(Stored dataset items)
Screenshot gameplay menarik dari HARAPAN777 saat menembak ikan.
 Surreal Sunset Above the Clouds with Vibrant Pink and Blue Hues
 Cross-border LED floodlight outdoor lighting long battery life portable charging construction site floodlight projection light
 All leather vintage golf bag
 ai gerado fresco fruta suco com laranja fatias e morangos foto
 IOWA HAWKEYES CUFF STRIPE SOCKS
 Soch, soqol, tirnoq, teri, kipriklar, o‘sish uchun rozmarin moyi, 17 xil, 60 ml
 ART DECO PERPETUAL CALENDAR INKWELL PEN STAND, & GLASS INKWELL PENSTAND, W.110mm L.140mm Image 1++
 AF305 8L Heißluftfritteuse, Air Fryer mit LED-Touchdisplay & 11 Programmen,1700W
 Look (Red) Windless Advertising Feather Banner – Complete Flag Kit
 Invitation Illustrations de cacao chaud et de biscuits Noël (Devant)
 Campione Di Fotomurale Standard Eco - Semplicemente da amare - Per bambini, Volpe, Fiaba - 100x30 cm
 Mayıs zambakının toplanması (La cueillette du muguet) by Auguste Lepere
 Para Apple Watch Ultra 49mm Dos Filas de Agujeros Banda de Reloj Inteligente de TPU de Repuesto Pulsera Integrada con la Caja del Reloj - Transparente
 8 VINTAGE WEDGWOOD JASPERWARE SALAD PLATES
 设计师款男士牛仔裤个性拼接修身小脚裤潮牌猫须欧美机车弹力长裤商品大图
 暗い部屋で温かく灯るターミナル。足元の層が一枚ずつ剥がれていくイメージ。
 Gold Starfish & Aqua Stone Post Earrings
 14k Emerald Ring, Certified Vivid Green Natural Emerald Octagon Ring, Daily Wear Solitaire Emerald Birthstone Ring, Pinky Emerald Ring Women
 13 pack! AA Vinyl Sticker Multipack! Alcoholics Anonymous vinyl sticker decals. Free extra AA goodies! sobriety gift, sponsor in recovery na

» **WHAT IS REQUIRED**
Restate each line above word for word.

» **EXERCISE SOLUTION**
Screenshot gameplay menarik dari HARAPAN777 saat menembak ikan.
 Surreal Sunset Above the Clouds with Vibrant Pink and Blue Hues
 Cross-border LED floodlight outdoor lighting long battery life portable charging construction site floodlight projection light
 All leather vintage golf bag
 ai gerado fresco fruta suco com laranja fatias e morangos foto
 IOWA HAWKEYES CUFF STRIPE SOCKS
 Soch, soqol, tirnoq, teri, kipriklar, o‘sish uchun rozmarin moyi, 17 xil, 60 ml
 ART DECO PERPETUAL CALENDAR INKWELL PEN STAND, & GLASS INKWELL PENSTAND, W.110mm L.140mm Image 1++
 AF305 8L Heißluftfritteuse, Air Fryer mit LED-Touchdisplay & 11 Programmen,1700W
 Look (Red) Windless Advertising Feather Banner – Complete Flag Kit
 Invitation Illustrations de cacao chaud et de biscuits Noël (Devant)
 Campione Di Fotomurale Standard Eco - Semplicemente da amare - Per bambini, Volpe, Fiaba - 100x30 cm
 Mayıs zambakının toplanması (La cueillette du muguet) by Auguste Lepere
 Para Apple Watch Ultra 49mm Dos Filas de Agujeros Banda de Reloj Inteligente de TPU de Repuesto Pulsera Integrada con la Caja del Reloj - Transparente
 8 VINTAGE WEDGWOOD JASPERWARE SALAD PLATES
 设计师款男士牛仔裤个性拼接修身小脚裤潮牌猫须欧美机车弹力长裤商品大图
 暗い部屋で温かく灯るターミナル。足元の層が一枚ずつ剥がれていくイメージ。
 Gold Starfish & Aqua Stone Post Earrings
 14k Emerald Ring, Certified Vivid Green Natural Emerald Octagon Ring, Daily Wear Solitaire Emerald Birthstone Ring, Pinky Emerald Ring Women
 13 pack! AA Vinyl Sticker Multipack! Alcoholics Anonymous vinyl sticker decals. Free extra AA goodies! sobriety gift, sponsor in recovery na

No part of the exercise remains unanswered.